What you have to do. Give back the data exactly, with no images.

== Given data

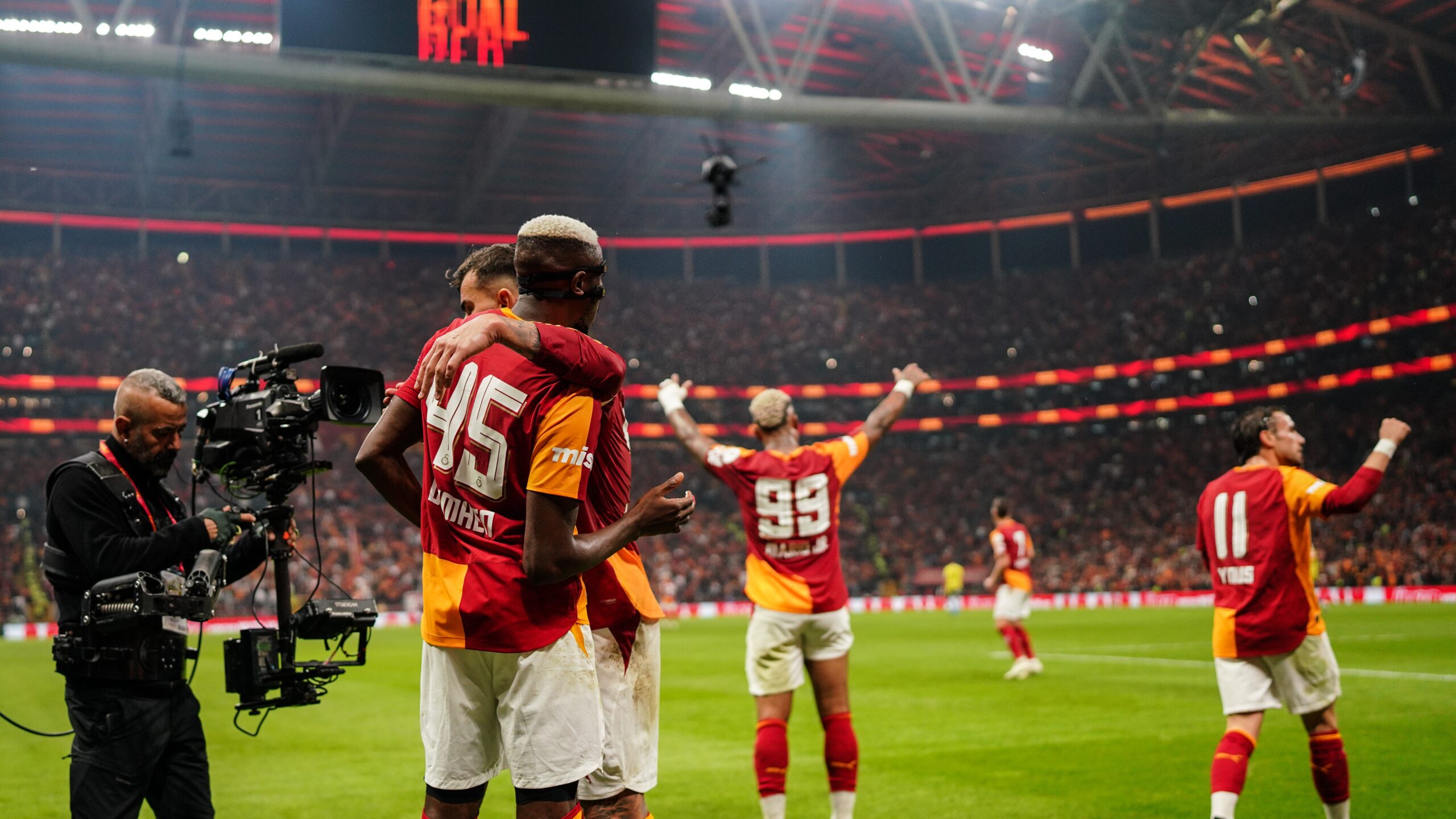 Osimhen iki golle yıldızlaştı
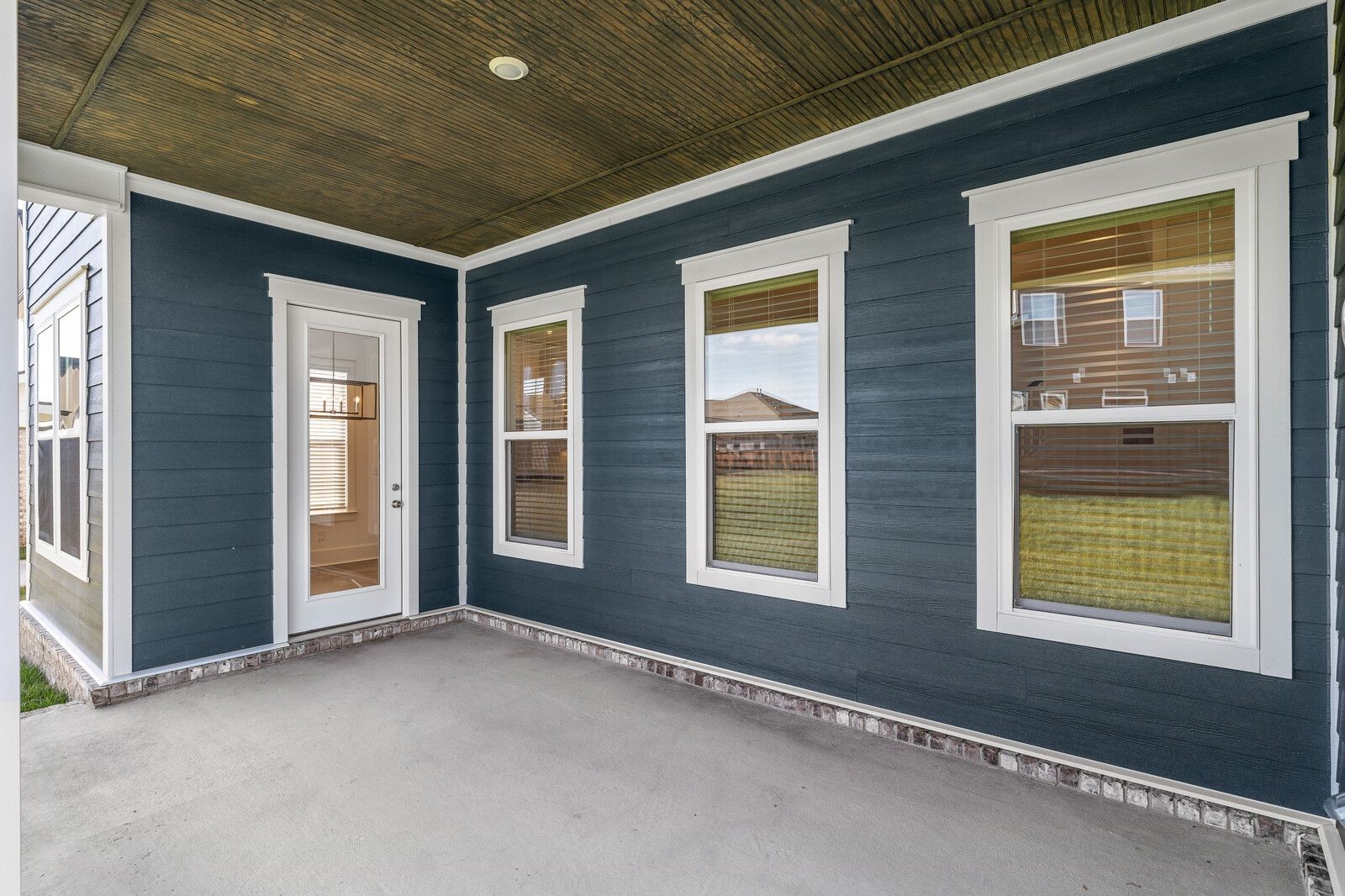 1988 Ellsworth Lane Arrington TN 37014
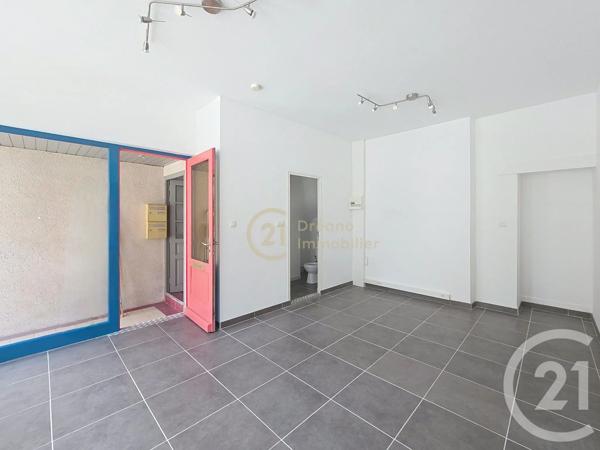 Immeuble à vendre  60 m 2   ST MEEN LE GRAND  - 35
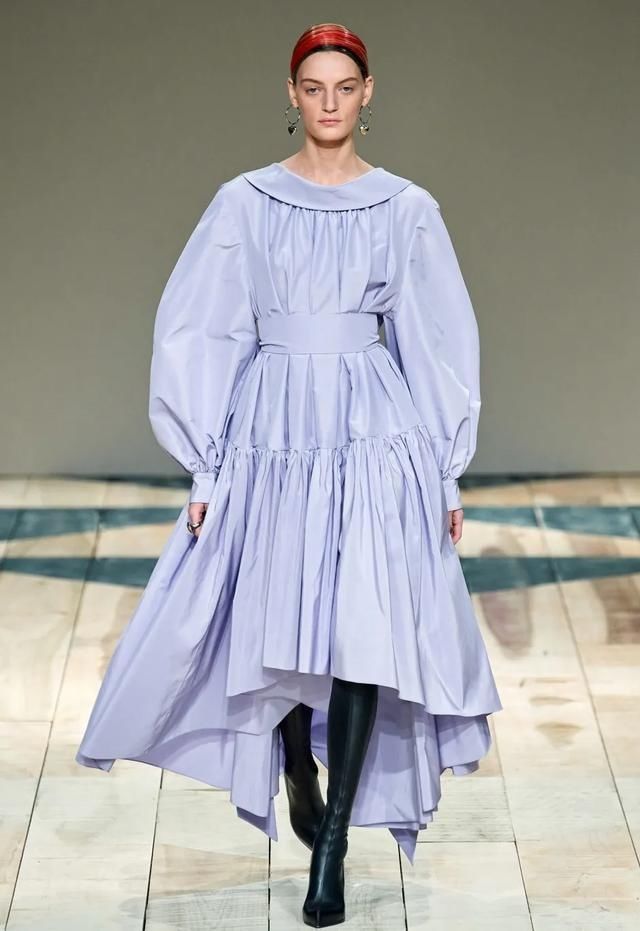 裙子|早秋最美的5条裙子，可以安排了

====

Exercise result.
 Osimhen iki golle yıldızlaştı
 1988 Ellsworth Lane Arrington TN 37014
 Immeuble à vendre  60 m 2   ST MEEN LE GRAND  - 35
 裙子|早秋最美的5条裙子，可以安排了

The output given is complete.